Francisco Trincão był jedną z największych nadziei Barçy na zarobienie pieniędzy tego lata. Skrzydłowy Sportingu cieszy się dużym zainteresowaniem na rynku transferowym, a Blaugrana zachowuje prawie 50% od przyszłego transferu, ale wszystko wskazuje na to, że klub nie otrzyma pieniędzy, przynajmniej w perspektywie krótkoterminowej. Sporting uznał Trincão za nie na sprzedaż, podobnie jak innych kluczowych graczy, takich jak Gonçalo Inácio czy Hjulmand, i liczy na zrównoważenie rachunków dzięki sprzedaży Gyokeresa.

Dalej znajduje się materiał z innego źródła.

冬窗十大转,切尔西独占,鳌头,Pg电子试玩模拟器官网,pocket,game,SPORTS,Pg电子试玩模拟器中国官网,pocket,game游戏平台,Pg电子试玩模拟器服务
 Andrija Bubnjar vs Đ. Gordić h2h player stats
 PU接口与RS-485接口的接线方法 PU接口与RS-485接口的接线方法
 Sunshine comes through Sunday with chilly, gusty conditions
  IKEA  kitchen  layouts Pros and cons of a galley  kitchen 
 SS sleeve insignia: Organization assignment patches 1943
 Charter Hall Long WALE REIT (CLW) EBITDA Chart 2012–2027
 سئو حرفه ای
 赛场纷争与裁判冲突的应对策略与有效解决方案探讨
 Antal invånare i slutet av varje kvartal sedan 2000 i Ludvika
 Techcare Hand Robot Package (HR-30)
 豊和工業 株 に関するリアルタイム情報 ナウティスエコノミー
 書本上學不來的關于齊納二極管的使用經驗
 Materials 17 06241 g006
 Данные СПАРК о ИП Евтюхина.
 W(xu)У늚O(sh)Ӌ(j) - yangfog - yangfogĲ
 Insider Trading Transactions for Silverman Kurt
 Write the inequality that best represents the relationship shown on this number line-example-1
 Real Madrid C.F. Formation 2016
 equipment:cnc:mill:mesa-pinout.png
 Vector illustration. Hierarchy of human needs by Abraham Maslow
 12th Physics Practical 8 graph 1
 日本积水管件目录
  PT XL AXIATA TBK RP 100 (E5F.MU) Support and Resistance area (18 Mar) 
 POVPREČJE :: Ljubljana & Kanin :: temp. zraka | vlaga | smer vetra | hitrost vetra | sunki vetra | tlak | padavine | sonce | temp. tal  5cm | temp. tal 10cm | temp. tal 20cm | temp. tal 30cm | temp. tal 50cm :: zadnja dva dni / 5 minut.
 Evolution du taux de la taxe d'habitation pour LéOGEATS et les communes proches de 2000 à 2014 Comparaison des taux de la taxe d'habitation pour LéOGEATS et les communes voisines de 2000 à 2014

Trincão miał wyjątkowy sezon i zwrócił na siebie uwagę przede wszystkim klubów z Premier League, choć Bayern Monachium również go obserwował. Wycena piłkarza mogła sięgać nawet 35 milionów euro, a Barça liczyła na spore wpływy ze sprzedaży, ale drzwi są zamknięte. Arsenal i Manchester United nadal są bardzo zainteresowani Portugalczykiem, ale nie udało im się dojść do porozumienia.
Sporting stara się za wszelką cenę przedłużyć i kontrakt Trincão, który wygasa w 2027 roku. Negocjują z agentem Jorge Mendesem, ale nie poczyniono zbytnich postępów, mimo że zaproponowano mu bardzo dobrą podwyżkę wynagrodzenia i numer „10” od następnego sezonu. Jeśli zatrzymają go i nie przedłużą umowy, jest więcej niż prawdopodobne, że odejdzie w styczniu lub latem 2026 roku.
Mendes podczas spotkań z zarządem Blaugrany ostrzegł już, że wokół Trincão dzieje się coś i może dojść do sprzedaży, która przyniesie zyski. Trincão opuścił Barçę, najpierw na zasadzie wypożyczenia, a następnie został sprzedany do Sportingu za łączną kwotę około dziesięciu milionów euro, obejmującą koszt wypożyczenia i opcję zakupu. Barça straciła wszystkie prawa do jego ponownego pozyskania latem ubiegłego roku, ale zachowuje procentowy udział finansowy, który bardzo dobrze wpisałby się w bilansowanie limitu wynagrodzeń drużyny.